▶ GIVEN ENTRIES:

* * * * *

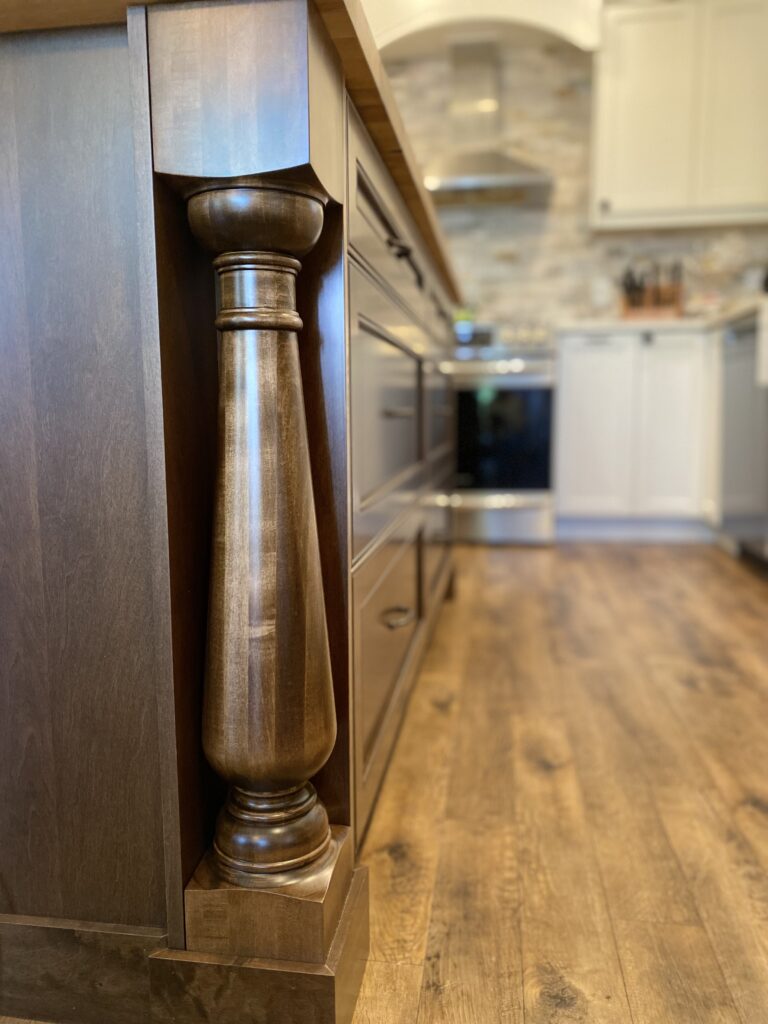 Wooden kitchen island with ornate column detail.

* * * * *

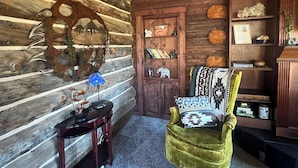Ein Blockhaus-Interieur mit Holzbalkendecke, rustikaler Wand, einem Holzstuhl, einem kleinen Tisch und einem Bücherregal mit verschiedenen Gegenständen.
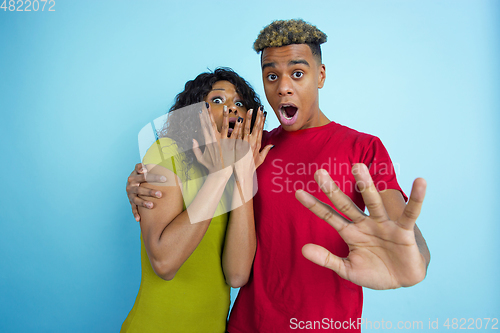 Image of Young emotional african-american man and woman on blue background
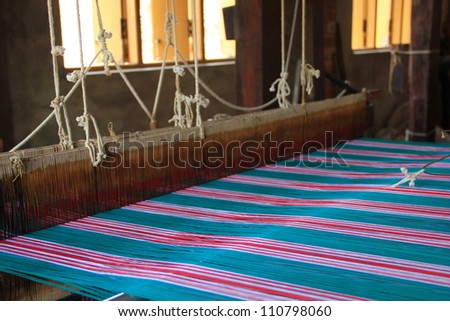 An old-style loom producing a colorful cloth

* * * * *

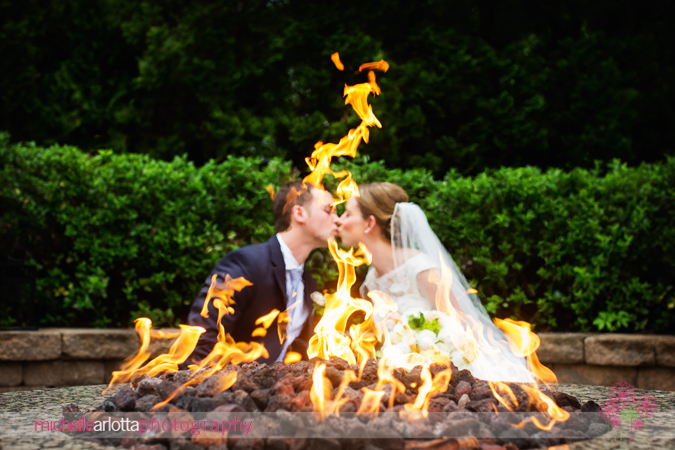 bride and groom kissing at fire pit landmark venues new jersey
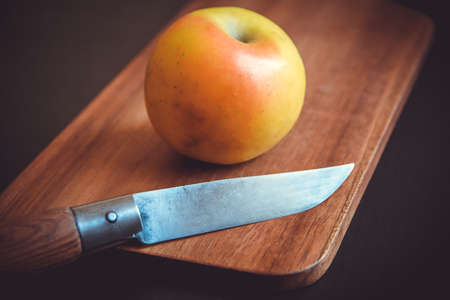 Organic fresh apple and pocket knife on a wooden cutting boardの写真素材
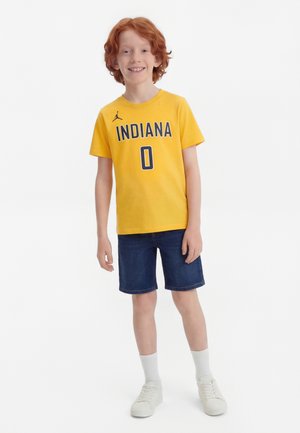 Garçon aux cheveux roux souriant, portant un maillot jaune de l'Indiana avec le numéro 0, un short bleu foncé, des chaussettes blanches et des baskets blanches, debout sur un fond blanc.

* * * * *

▶ WHAT YOU WILL DO:
Look above for the line with "Image of Young" and the line with "An old-style loom producing a colorful cloth", then copy them and all lines in between exactly as written, and only those, without any pictures.

▶ OUTPUT OF THE TASK:
 Image of Young emotional african-american man and woman on blue background
 An old-style loom producing a colorful cloth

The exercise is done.